Markets may be optimistic about Trumpanomics



In less than two weeks’ time, we will know if the Federal Reserve is going to raise its benchmark US interest rate for the first time since December last year.

That move had triggered a big correction in US stock markets and the biggest rally for gold and silver in 31 years. Will it be the same this time around?

Not if you have been following the wave of optimism in financial markets since the election of Donald Trump as the next US president. After a brief sell-off and surge in the gold price, the US dollar jumped in value and US stock markets moved to new record all-time highs, and gold prices fell back sharply.

The question is whether this will prove to be a short-term honeymoon for the president-elect, or a more meaningful rally of his richest supporters to the flag. The man of the hour himself is in little doubt.

During his election campaign, Mr Trump repeatedly said that he thought the US stock market was in a bubble. Perhaps this will prove to be one campaign promise that he is able to keep.

Certainly the astonishingly strong rally in the US dollar is signalling a clear and present danger. So is the surge in bond yields that has already caused a $1 trillion crash in the US bond market, the largest and most liquid global financial market.

Many times in past stock market bubbles, dollar strength has proven to be the hole below the waterline of the Titanic, with the water flooding into what is generally thought to be an unsinkable ship.

The rise of the dollar is anticipating the now very likely increase in interest rates from the Federal Reserve. What it could not do for political reasons before the election, the Fed now has every reason to do before president Trump enters the White House.

Before the election, the Fed would have risked a major financial upset that could have had political consequences.

Now it faces no such criticism and is more likely to be blamed for getting behind the curve with interest rate rises; after all, of the four interest rate rises promised for 2016, we have yet to see one.

Do interest rates rises not matter any more? Have the laws of economics been permanently suspended by the election of a pro-business president with big tax-cutting and spending plans?

The most sanguine judgment is that the financial markets are getting carried away with the Trump hype and are at best being premature in deciding that he will be successful in his objectives.

The more immediate issue is that higher interest rates have already propelled the dollar and treasury bond yields to levels that spell doom for export earnings, multinational profits, real estate values and the stock market.

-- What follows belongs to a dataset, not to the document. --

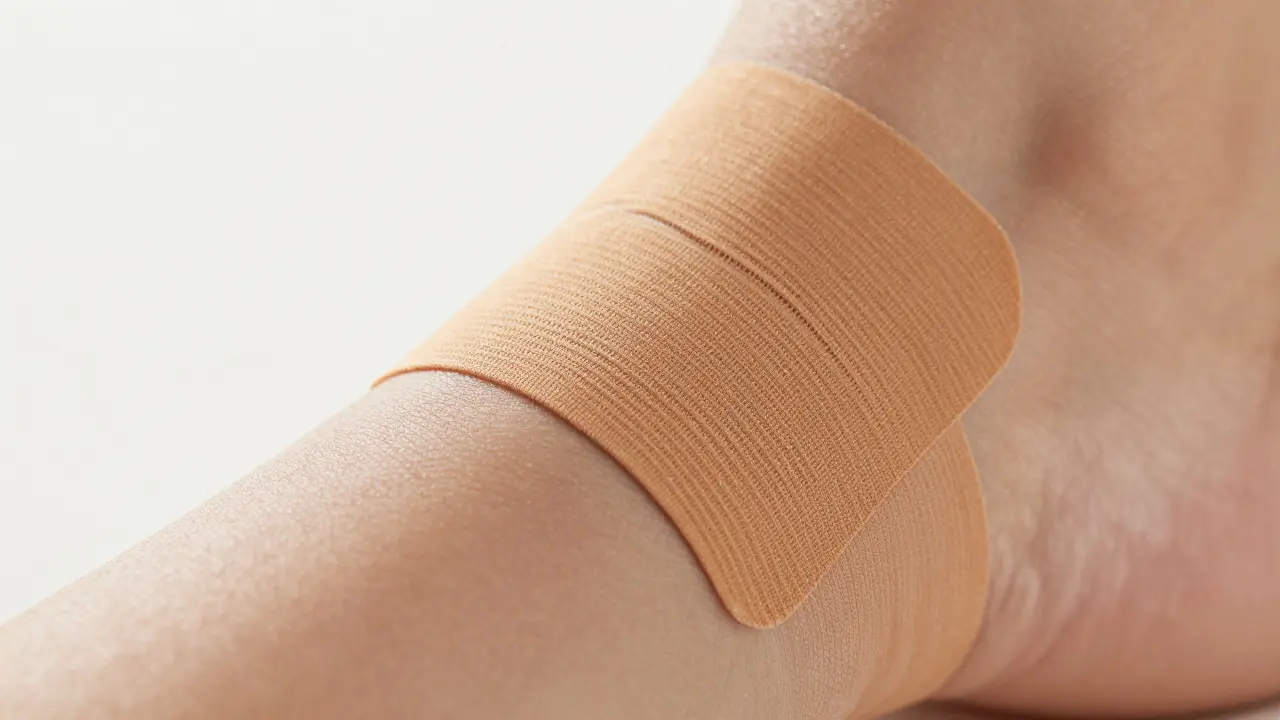 Detail aplikace tejpovací pásky na kůži ukazující vrásnění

Recessions tend to roll around every seven years or so in the US and the economy is overdue for one right now. That’s also how the US political cycle works: spending rises in an election year to boost the incumbents, and it falls in the following year when politicians are not buying votes.

So let us hypothecate that the Trump rally was just a brief honeymoon for financial markets and that the original premise about a recession to follow was not so very wide of the mark. What would this mean for investors in the UAE?

Clearly a strong dollar is not doing our open economy much good. It is bad for trade and tourism, so anything that reverses that is not so terrible, assuming that a crackup in US financial markets is bad for the dollar.

A weaker dollar would also boost commodity prices that have been in the doldrums for the past couple of years like oil, and that’s about the one reason I can think of to be optimistic about the oil price next year, apart from oil producers getting their act together.

However, would interest rates stay so high if US equity markets slumped? You only have to look at the record spread between US and German bond yields to wonder if this is sustainable even in the short term.

Surely a big upset in US financial markets would be greeted by money printing again and lower interest rates from the Fed.

This would be good for bond and gold prices as well as lifting equities. But then are we really looking to a “big plan” from president Trump’s new administration to sort things out. Will that work?

In the meantime, uncertainty rules and in that context current optimism looks bordering on madness. Wait for markets to move lower again before buying anything.

Peter Cooper has been a financial writer in the Gulf for two decades.